Edwin Lee proved himself not ungrateful for the kindness. In a few years he became one of Mr. Darlington’s most active, trustworthy and intelligent clerks; while his kind, modest, gentlemanly deportment at home, won the favor and confidence of all the family. With Edwin, Kate grew up as with a brother. Their intercourse was of the most frank and confiding character.
But there came, at last, a change. Kate from a graceful sweet-tempered, affectionate girl, stepped forth, almost in a day, it seemed to Edwin, a full-grown, lovely woman, into whose eyes he could not look as steadily as before, and on whose beautiful face he could no longer gaze with the calmness of feeling he had until now enjoyed.
For awhile, Edwin could not understand the reason of this change. Kate was the same to him; and yet not the same. There was no distance—no reserve on her part; and yet, when he came into her presence, he felt his heart beat more quickly; and when she looked him steadily in the face, his eyes would droop, involuntarily, beneath her gaze.

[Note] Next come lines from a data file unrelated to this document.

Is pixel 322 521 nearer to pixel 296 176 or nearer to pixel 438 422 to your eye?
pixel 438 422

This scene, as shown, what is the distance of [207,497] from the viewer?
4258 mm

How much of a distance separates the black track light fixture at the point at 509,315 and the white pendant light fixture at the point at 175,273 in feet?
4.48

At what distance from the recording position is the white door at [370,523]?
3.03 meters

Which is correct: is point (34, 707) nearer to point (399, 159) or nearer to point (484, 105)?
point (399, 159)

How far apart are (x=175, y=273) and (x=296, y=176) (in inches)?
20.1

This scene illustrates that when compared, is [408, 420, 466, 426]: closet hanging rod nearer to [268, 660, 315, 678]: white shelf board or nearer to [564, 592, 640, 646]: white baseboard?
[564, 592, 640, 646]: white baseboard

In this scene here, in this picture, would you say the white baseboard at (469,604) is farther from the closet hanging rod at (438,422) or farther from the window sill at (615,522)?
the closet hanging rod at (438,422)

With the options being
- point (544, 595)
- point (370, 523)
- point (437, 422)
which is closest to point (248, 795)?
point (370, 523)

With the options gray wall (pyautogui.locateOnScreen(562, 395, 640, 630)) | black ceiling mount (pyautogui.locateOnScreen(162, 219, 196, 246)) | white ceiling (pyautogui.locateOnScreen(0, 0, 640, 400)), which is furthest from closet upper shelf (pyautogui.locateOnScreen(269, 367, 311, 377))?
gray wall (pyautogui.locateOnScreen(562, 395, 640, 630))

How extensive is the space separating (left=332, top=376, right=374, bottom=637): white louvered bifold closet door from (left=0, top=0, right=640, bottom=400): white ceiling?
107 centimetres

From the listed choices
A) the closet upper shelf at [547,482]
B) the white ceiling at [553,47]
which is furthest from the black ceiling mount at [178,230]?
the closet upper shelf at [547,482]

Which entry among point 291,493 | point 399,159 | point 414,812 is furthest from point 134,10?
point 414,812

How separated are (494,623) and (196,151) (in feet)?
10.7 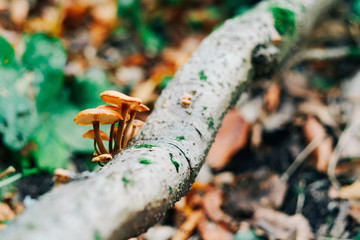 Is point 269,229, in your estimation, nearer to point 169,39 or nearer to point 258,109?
point 258,109

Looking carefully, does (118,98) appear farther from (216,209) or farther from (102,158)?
(216,209)

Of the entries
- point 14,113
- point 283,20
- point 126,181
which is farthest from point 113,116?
point 283,20

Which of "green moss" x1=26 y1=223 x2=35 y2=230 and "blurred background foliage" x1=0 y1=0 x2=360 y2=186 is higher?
"blurred background foliage" x1=0 y1=0 x2=360 y2=186

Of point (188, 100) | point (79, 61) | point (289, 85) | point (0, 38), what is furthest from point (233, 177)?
point (79, 61)

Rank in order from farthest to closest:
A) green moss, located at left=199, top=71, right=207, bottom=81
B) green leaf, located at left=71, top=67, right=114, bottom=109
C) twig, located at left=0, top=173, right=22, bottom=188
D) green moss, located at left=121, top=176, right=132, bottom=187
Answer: green leaf, located at left=71, top=67, right=114, bottom=109, twig, located at left=0, top=173, right=22, bottom=188, green moss, located at left=199, top=71, right=207, bottom=81, green moss, located at left=121, top=176, right=132, bottom=187

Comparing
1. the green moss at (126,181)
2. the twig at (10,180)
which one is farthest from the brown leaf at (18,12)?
the green moss at (126,181)

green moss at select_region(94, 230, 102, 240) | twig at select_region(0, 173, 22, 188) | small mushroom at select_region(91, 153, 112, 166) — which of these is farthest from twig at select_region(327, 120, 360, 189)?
twig at select_region(0, 173, 22, 188)

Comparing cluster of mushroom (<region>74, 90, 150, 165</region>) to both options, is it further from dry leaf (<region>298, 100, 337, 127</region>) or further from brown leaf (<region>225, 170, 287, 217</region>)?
dry leaf (<region>298, 100, 337, 127</region>) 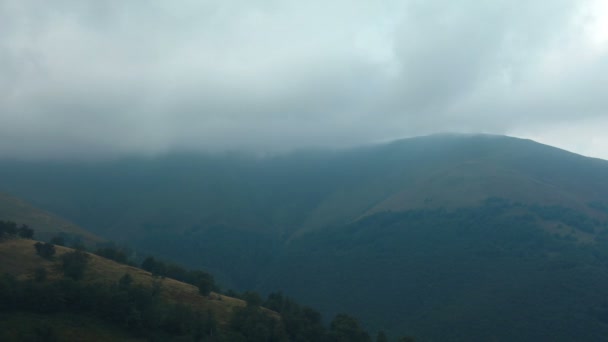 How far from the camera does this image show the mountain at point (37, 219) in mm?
165625

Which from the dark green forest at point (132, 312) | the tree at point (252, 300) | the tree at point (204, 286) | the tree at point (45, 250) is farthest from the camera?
the tree at point (204, 286)

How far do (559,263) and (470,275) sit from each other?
2473 centimetres

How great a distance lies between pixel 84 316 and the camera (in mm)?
68875

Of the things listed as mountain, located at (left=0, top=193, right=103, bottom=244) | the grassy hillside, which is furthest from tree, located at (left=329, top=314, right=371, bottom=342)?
mountain, located at (left=0, top=193, right=103, bottom=244)

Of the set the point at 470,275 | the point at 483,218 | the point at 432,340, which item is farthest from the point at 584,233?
the point at 432,340

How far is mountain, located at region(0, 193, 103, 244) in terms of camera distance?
165625 mm

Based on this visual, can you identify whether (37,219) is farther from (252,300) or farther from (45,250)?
(252,300)

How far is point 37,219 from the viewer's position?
577 ft

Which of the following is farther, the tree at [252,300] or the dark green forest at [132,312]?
the tree at [252,300]

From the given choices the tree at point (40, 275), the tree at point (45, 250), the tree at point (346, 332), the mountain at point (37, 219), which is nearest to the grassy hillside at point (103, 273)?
the tree at point (45, 250)

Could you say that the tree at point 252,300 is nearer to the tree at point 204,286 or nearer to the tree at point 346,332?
the tree at point 204,286

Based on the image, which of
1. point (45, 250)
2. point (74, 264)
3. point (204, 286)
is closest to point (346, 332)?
point (204, 286)

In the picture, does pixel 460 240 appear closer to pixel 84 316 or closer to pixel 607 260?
pixel 607 260

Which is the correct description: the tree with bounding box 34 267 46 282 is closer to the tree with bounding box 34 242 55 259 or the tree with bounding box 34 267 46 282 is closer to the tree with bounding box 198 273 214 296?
the tree with bounding box 34 242 55 259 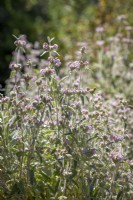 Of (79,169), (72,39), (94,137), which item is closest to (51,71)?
(94,137)

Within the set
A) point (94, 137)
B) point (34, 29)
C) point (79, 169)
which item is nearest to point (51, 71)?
point (94, 137)

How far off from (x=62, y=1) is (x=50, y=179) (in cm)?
1107

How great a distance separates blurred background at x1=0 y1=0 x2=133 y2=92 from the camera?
9594mm

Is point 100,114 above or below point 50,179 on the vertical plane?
above

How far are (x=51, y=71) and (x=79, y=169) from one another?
69 cm

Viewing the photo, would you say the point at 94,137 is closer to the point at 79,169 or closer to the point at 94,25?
the point at 79,169

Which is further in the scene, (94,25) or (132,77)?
(94,25)

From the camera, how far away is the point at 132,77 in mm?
6164

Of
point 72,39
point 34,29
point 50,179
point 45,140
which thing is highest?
point 34,29

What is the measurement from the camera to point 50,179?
3.24 metres

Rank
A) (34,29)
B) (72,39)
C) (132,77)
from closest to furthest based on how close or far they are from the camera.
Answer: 1. (132,77)
2. (72,39)
3. (34,29)

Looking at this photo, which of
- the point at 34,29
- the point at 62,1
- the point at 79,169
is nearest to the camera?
the point at 79,169

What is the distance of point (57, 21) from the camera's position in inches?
532

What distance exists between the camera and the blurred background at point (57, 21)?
9594 mm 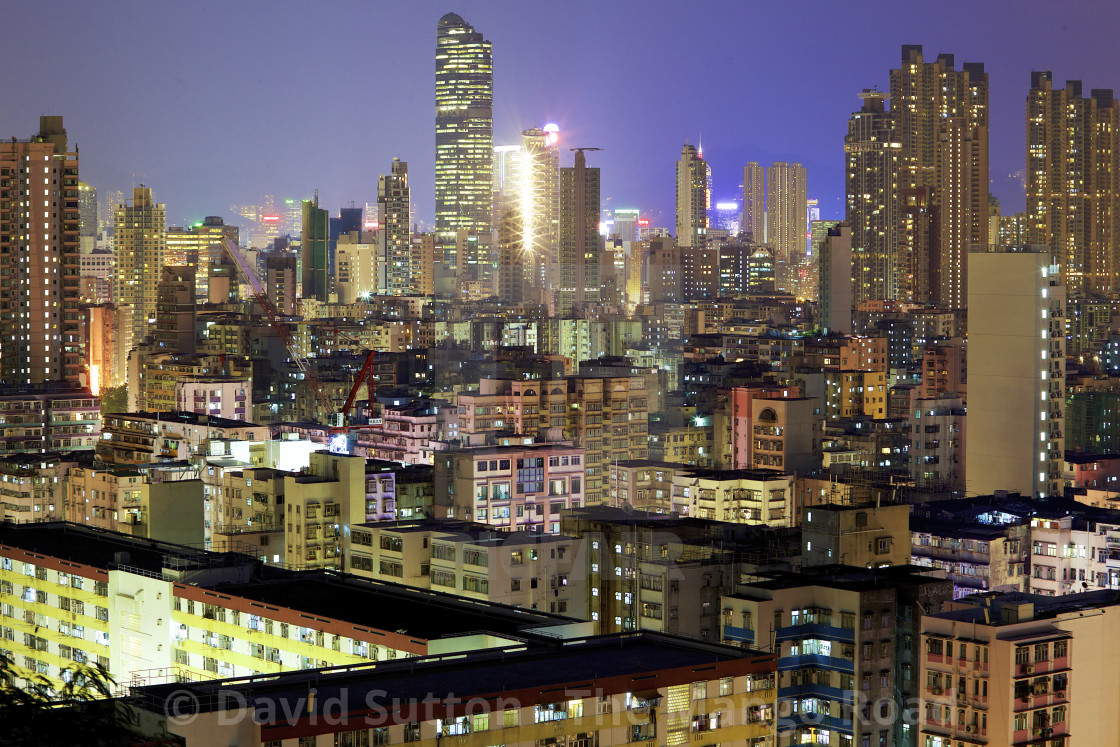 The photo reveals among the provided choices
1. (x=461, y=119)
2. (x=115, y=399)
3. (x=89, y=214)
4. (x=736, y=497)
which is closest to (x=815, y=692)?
(x=736, y=497)

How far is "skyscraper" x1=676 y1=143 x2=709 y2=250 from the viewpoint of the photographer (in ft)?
97.6

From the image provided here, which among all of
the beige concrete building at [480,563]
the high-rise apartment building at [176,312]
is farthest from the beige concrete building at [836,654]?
the high-rise apartment building at [176,312]

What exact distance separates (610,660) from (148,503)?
7.25 metres

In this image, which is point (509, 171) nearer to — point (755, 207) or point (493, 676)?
point (755, 207)

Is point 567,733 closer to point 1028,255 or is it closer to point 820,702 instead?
point 820,702

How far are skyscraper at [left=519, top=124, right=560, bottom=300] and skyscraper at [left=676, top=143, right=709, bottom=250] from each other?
206cm

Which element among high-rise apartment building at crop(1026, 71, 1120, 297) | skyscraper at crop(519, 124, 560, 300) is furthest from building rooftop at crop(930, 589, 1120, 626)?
high-rise apartment building at crop(1026, 71, 1120, 297)

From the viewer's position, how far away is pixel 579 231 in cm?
2966

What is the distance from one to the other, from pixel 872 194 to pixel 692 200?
10.0m

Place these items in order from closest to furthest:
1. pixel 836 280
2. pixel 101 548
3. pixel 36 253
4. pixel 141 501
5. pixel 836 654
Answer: pixel 836 654 < pixel 101 548 < pixel 141 501 < pixel 36 253 < pixel 836 280

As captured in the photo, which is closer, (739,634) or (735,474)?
(739,634)

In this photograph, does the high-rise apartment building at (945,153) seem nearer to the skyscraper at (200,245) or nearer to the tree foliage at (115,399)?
the skyscraper at (200,245)

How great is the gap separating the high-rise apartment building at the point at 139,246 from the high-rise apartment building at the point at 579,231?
16.1 metres

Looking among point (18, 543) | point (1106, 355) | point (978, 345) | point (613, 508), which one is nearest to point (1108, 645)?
point (613, 508) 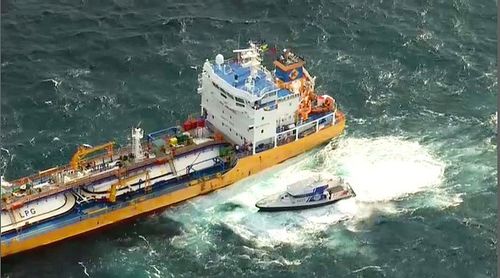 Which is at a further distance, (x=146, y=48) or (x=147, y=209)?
(x=146, y=48)

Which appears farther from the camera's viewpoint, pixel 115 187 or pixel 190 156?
pixel 190 156

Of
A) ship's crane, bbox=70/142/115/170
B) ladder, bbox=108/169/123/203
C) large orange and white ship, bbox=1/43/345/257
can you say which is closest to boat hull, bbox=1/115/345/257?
large orange and white ship, bbox=1/43/345/257

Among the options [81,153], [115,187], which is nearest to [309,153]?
[115,187]

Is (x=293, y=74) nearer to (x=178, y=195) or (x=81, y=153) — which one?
(x=178, y=195)

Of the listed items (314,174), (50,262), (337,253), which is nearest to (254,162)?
(314,174)

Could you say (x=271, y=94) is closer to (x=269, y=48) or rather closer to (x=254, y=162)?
(x=254, y=162)

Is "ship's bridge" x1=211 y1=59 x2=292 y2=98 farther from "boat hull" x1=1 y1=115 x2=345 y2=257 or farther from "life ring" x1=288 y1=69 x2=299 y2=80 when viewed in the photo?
"boat hull" x1=1 y1=115 x2=345 y2=257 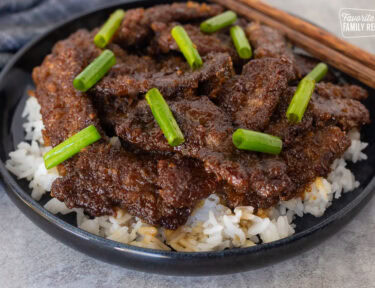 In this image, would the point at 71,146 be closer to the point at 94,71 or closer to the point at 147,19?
the point at 94,71

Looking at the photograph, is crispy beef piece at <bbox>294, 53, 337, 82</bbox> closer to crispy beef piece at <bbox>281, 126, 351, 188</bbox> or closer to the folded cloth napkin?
crispy beef piece at <bbox>281, 126, 351, 188</bbox>

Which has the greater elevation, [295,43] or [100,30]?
[100,30]

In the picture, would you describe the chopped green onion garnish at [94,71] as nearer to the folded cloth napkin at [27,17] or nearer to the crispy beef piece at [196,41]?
the crispy beef piece at [196,41]

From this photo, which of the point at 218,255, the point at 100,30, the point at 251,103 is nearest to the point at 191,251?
the point at 218,255

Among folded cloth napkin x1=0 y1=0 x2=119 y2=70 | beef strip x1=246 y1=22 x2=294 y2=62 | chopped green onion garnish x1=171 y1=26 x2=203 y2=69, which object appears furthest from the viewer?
folded cloth napkin x1=0 y1=0 x2=119 y2=70

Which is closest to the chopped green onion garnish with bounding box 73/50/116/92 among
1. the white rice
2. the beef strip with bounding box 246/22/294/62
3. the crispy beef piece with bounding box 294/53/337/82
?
the white rice

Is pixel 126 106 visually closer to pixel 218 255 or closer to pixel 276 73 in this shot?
pixel 276 73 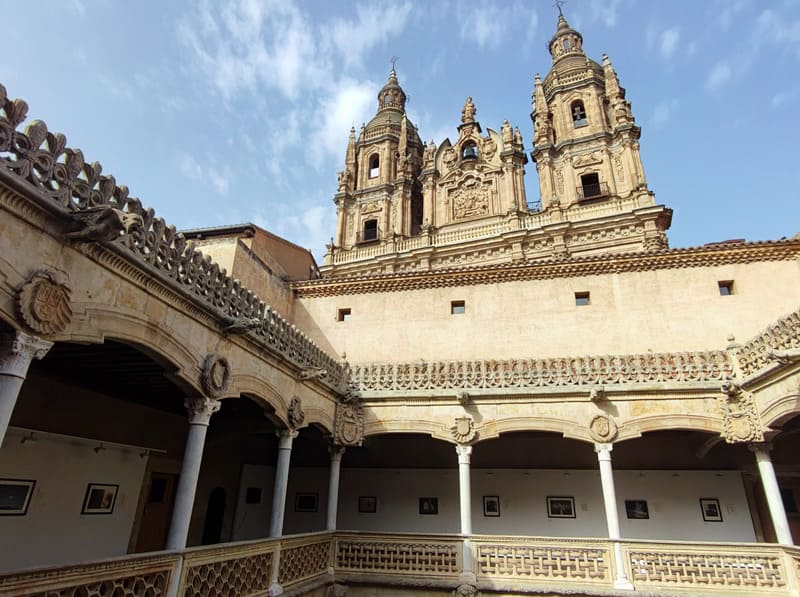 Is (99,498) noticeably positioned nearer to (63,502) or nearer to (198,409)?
(63,502)

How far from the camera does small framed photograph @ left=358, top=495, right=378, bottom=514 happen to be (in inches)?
571

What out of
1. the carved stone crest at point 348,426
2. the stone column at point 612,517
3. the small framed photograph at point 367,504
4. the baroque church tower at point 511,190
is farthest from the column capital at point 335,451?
the baroque church tower at point 511,190

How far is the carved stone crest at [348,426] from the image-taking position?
11773 mm

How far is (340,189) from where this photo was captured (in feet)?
103

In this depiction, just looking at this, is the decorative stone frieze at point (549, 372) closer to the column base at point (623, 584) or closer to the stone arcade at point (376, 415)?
the stone arcade at point (376, 415)

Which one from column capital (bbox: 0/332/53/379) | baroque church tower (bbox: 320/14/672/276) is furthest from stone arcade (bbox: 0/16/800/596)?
baroque church tower (bbox: 320/14/672/276)

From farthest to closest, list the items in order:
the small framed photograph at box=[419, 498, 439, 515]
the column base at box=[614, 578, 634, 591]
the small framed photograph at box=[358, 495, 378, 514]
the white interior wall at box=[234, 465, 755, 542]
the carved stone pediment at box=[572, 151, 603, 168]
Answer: the carved stone pediment at box=[572, 151, 603, 168]
the small framed photograph at box=[358, 495, 378, 514]
the small framed photograph at box=[419, 498, 439, 515]
the white interior wall at box=[234, 465, 755, 542]
the column base at box=[614, 578, 634, 591]

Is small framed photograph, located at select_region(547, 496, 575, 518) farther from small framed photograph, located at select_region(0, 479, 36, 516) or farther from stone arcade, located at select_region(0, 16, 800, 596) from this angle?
small framed photograph, located at select_region(0, 479, 36, 516)

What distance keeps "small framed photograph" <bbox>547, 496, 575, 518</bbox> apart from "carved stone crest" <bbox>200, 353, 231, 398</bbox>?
1010 centimetres

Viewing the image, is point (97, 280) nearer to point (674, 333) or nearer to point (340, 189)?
point (674, 333)

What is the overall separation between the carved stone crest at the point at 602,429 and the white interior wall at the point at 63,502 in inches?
401

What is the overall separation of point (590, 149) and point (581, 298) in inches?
557

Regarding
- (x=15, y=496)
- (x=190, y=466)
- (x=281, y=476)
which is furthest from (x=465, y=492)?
(x=15, y=496)

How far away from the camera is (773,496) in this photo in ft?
31.5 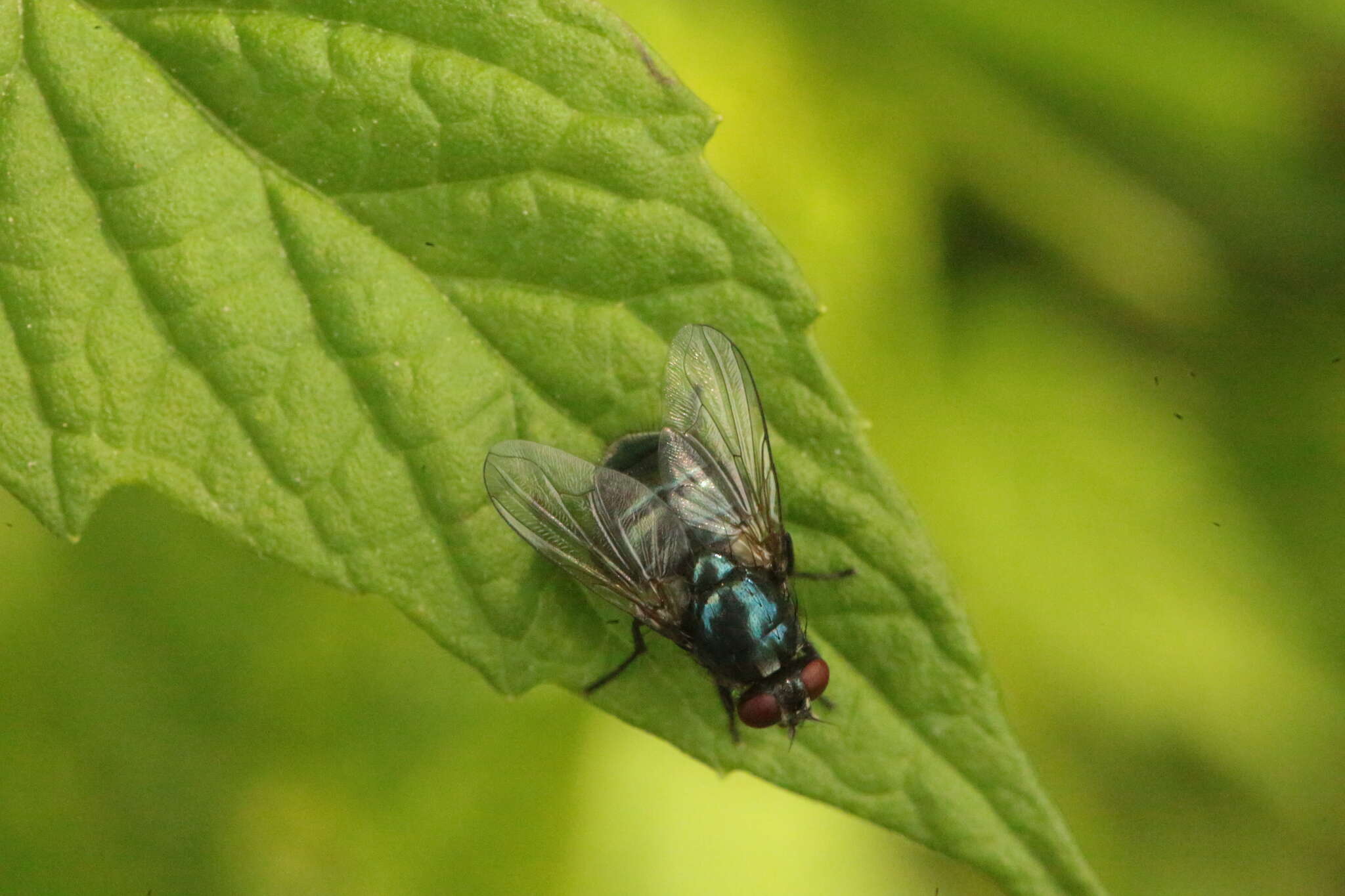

Suddenly, Edwin awoke to a full realization of the fact that Kate was to him more than a gentle friend or a sweet sister. From that moment, he became reserved in his intercourse with her; and, after a short time, firmly made up his mind that it was his duty to retire from the family of his benefactor. The thought of endeavoring to win the heart of the beautiful girl, whom he had always loved as a sister, and now almost worshipped, was not, for a moment entertained. To him there would have been so much of ingratitude in this, and so much that involved a base violation of Mr. Darlington’s confidence, that he would have suffered anything rather than be guilty of such an act.
But he could not leave the home where he had been so kindly regarded for years, without offering some reason that would be satisfactory. The true reason, he could not, of course, give. After looking at the subject in various lights, and debating it for a long time, Edwin could see no way in which he could withdraw from the family of Mr. Darlington, without betraying his secret, unless he were to leave the city at the same time. He, therefore, sought and obtained the situation of supercargo in a vessel loading for Valparaiso.
When Edwin announced this fact to Mr. Darlington, the merchant was greatly surprised, and appeared hurt that the young man should take such a step without a word of consultation with him. Edwin tried to explain; but, as he had to conceal the real truth, his explanation rather tended to make things appear worse than better.
Kate heard the announcement with no less surprise than her father. The thing was so sudden, so unlooked for, and, moreover, so uncalled for, that she could not understand it. In order to take away any pecuniary reason for the step he was about to take, Mr. Darlington, after holding a long conversation with Edwin, made him offers far more advantageous than his proposed expedition could be to him, viewed in any light. But he made them in vain. Edwin acknowledged the kindness, in the warmest terms, but remained firm in his purpose to sail with the vessel.